2.2.1 So long as Apollo continues to own Shares that
represent at least 50% of the Initial Interest, Apollo shall have the right to
nominate two persons for election to the Board.
2.2.2 So long as Apollo owns Shares that represent at
least 25% but less than 50% of the Initial Interest, Apollo shall have the right
to nominate one person for election to the Board. At such time as Apollo owns
Shares that represent less than 50% of the Initial Interest, the Board shall be
reduced from twelve directorships to eleven directorships and if two Investor
Directors are serving at such time, one Investor Director nominated by Apollo
shall resign from the Board.
2.2.3 If, at any time, Apollo owns Shares that
represent less than 25% of the Initial Interest, Apollo shall no longer be
entitled to nominate persons for election to the Board and if an Investor
Director is serving at such time, such Investor Director shall resign from the
Board. At such time as Apollo owns Shares that represent less than 25% of the
Initial Interest, the Board may be reduced or increased at the option of the
Company.
2.3 Removal and Replacement of Directors.

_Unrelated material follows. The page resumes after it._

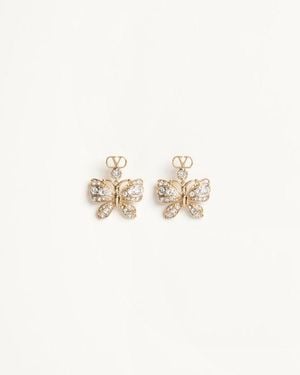 Valentino Garavani Flutterby Ohrringe Aus Metall Und Swarovski-Kristallen Frau - Natur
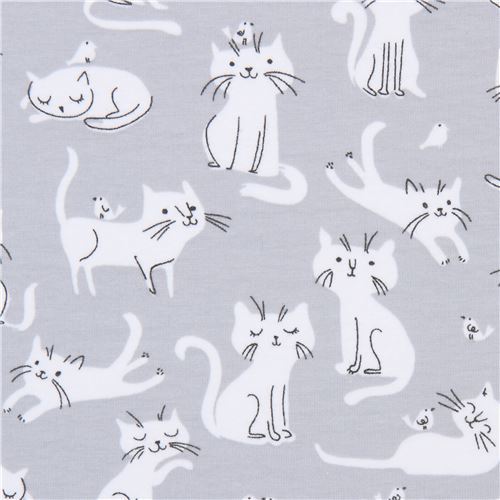 cat Robert Kaufman grey Laguna Jersey knit fabric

2.3.1 Removal of Investor Directors. If at any time
Apollo notifies the Board of its wish to remove any Investor Director, the Board
shall vote so as to remove such Investor Director in accordance with the
Company's Bylaws.
2.3.2 Replacement of Directors. If at any time, a
vacancy is created on the Board by reason of the incapacity, death, removal or
resignation of any Investor Director, then Apollo shall designate an individual
to fill such vacancy until the next meeting of Stockholders.
2.4 Investor Directors.
2.4.1 The Investor Directors shall receive notice of
each meeting of the Board at the same time and in the same manner as other
members of the Board..
2.4.2 The Investor Directors shall be entitled to
compensation and indemnification rights similar to those of other non-employee
directors of the Company. The Company shall at all times maintain a directors'
and officers' insurance policy covering the Investor Directors that provides in
the aggregate substantially no less coverage than the policy covering the
current directors of the Company as of the date of this Agreement.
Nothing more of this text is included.